I do it to show off to all the ladies in my gym.  

Did i mention i work out alone in my garage


----------



## Doublebase (Apr 30, 2010)

sassy69 said:


> I like to do them when I need to feel better about myself .. I can pull a plate and a half more than I can DL.    Ego lift.


----------



## Gazhole (Apr 30, 2010)

400-500lbs. Not a huge weight for rack pulls, but i use them mostly for grip strength.


----------



## fufu (Apr 30, 2010)

Hoglander said:


> It's like when those guys put a lot of weights on leg press but the range is retarded. In this one it's like a retarded deadlift.



It has some practical value when it comes to increasing your full dead lift strength if you have trouble in the lockout.

But yes, very often used to impress the ladies.


----------



## sassy69 (Apr 30, 2010)

fufu said:


> It has some practical value when it comes to increasing your full dead lift strength if you have trouble in the lockout.
> 
> But yes, very often used to impress the ladies.



Or the guys.

(Unfortunately more often than not, it scares them  )


----------



## CowPimp (Apr 30, 2010)

I put 500-600 pounds.  There is a chance I could pull from knee height for 600 or more, but doubtful.  My best DL off the floor is an even 500, even though I think I could beat that right now.  I haven't DLed recently though (I've been doing trap bar deadlifts and good mornings the last few months), so no way to know for sure.


----------



## MCx2 (Apr 30, 2010)

I forget now but my best was definitely in the lower to mid 500 range for a double, just below the knees.


----------



## suprfast (Apr 30, 2010)

CowPimp said:


> I put 500-600 pounds.  There is a chance I could pull from knee height for 600 or more, but doubtful.  My best DL off the floor is an even 500, even though I think I could beat that right now.  I haven't DLed recently though (I've been doing trap bar deadlifts and good mornings the last few months), so no way to know for sure.



Trap Bar DL are the best.  Gives me a more natural lifting feel.  I talked about this with Stewart some time back, and i think he adopted this technique too.


----------



## Phineas (Apr 30, 2010)

I can't do rack pulls at my gym because our racks don't have safety bar settings low enough for me to do them (I'm 5'9 so they would need to be pretty low).

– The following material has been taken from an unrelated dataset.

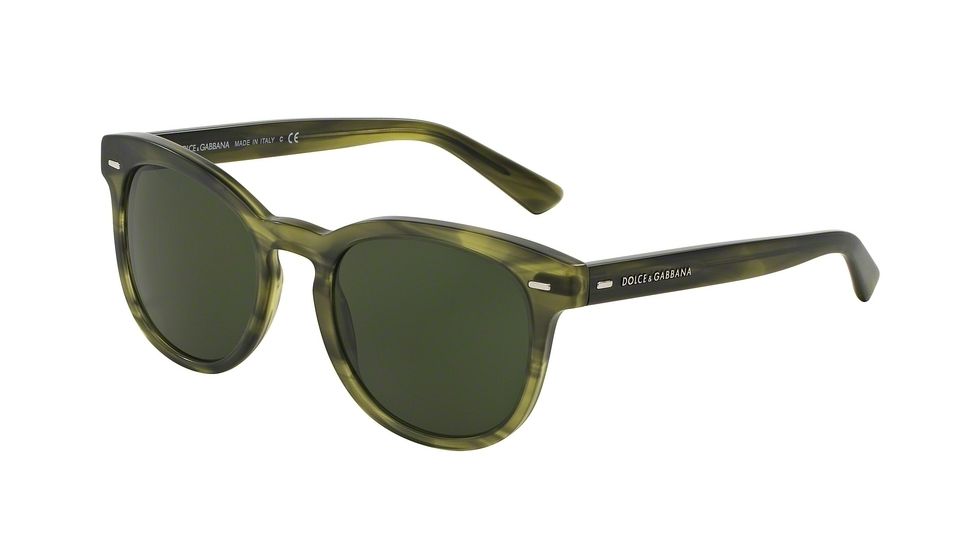 Dolce&amp;Gabbana DG4254 Sunglasses 296571-51 - Matte Striped Olive Green Frame, Grey Green Lenses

I've used them for only one program last September/October at my old gym. This was just when I finally fixed my year-long bad deadlift form and figured the lift out. I tried rack pulls for something different, and the first time I did 225 for 10 reps, and that was with the bar about 2 inches under my knees.

No idea how I'd do now. I also haven't done regular deads in a while. Using sumos now.


----------



## Merkaba (Apr 30, 2010)

I usually stop the workout with two sets of 3 or 5 at 585.  About every two months I'll do a few sets of 675. (It seems about that much of time. I just don't ever keep track, just whenever I feel pumped up enough.) I can get 725 the last time I tried which has been months ago.  I'm So much more powerful barefoot for me. I do every direct drive workout barefoot(socks).  Lunges, squats, etc.   I have to have wraps over the 405 mark for reps Plus I'm just real torn about the idea of tearing my bitchy hands up.  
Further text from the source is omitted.